KARACHI: In an article published in a national newspaper, the writer argues that Pakistan’s inflation could go as high as 14 per cent following the recent bouts of depreciation. The author of the article expects the only logical outcome to follow from the drastic rise would push the interest rates upwards to 15pc, and claims that the states projection comes from the International Monetary Fund (IMF).
The IMF’s official inflation estimate updated on its Pakistan page, peaks at 7.7pc during the current fiscal year and flattens out at 5pc by 2022. It also estimates the annual economic growth to fall as low as 3pc by the year 2022 without any sign of recovery.

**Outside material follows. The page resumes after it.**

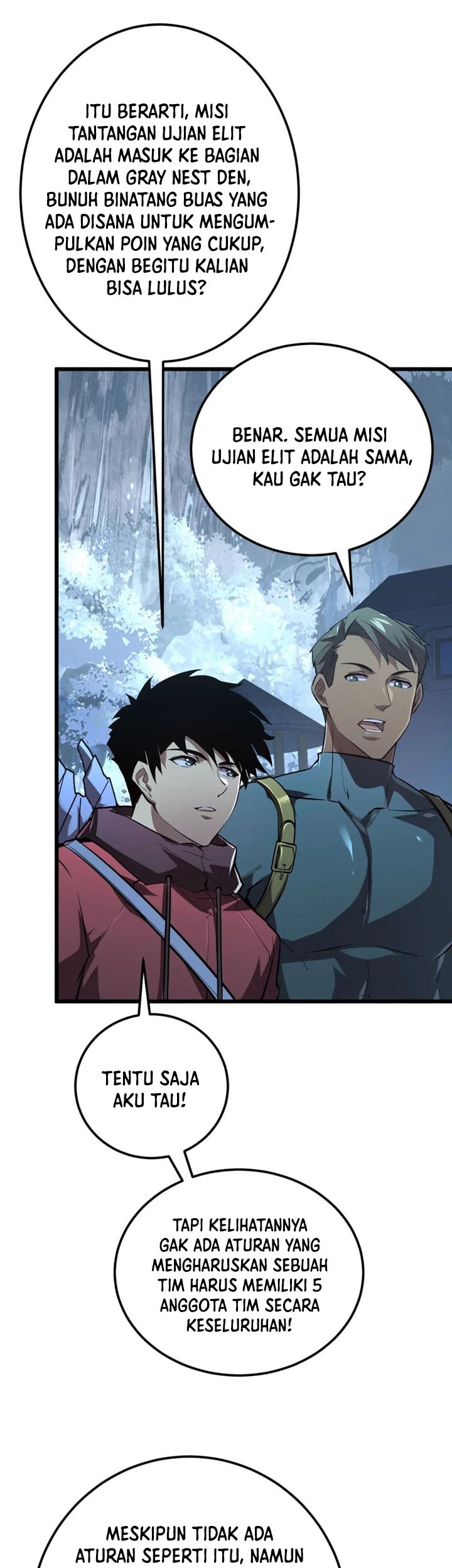 Rise From The Rubble Chapter 127 Gambar 15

Furthermore, the State Bank of Pakistan (SBP) in its last monetary policy announcement projected inflation to “fall in the forecast range of 6.5-7.5 per cent”. The revision is attributed to rising energy prices, increase in domestic gas prices, increase in regulatory duty on imports and the lagged impact for previous depreciations.
This trend of rising rates – inflation and interest – can be stalled, fixed and even reversed if the government decides to intervene and check the primary culprit to Pakistan’s economic woes: Imports. Pakistan’s trade deficit has been the primary cause of concern for the economy as it remains negatively skewed. Time and again, this problem of mismatch between import and export has come to haunt the economy of Pakistan has caused serious economic damages to the economy.
The previous government made significant inroads into pushing overall imports downward, but the rising international oil prices have offset any recovery. International oil prices have risen considerably during the last six months, forcing emerging economies to run a current account deficit.
The solution to this problem lies in curbing unnecessary imports in short-term, import substitution in medium-term and enhancing the capacity of local industry to meet domestic demands in the long-term.
Pakistan’s import portfolio includes excessive food imports from milk to pulses and other items which can be easily substituted by providing incentives to the local industry and expanding local production capacity.
Another problem that needs to be addressed in the medium term, is banning motor imports which have cost the economy significantly, and promoting local auto production. The government must also address the faults in production in the auto sector, and penalize companies who rely on imports for key production steps. This would help increase employment, production and decrease reliance on foreign imports.
The government needs to bring the entire nation on board and launch a campaign to promote use of local products. It can also do away with unnecessary imports in the agriculture sector, or offset those by exports to Afghanistan and landlocked central Asian republics.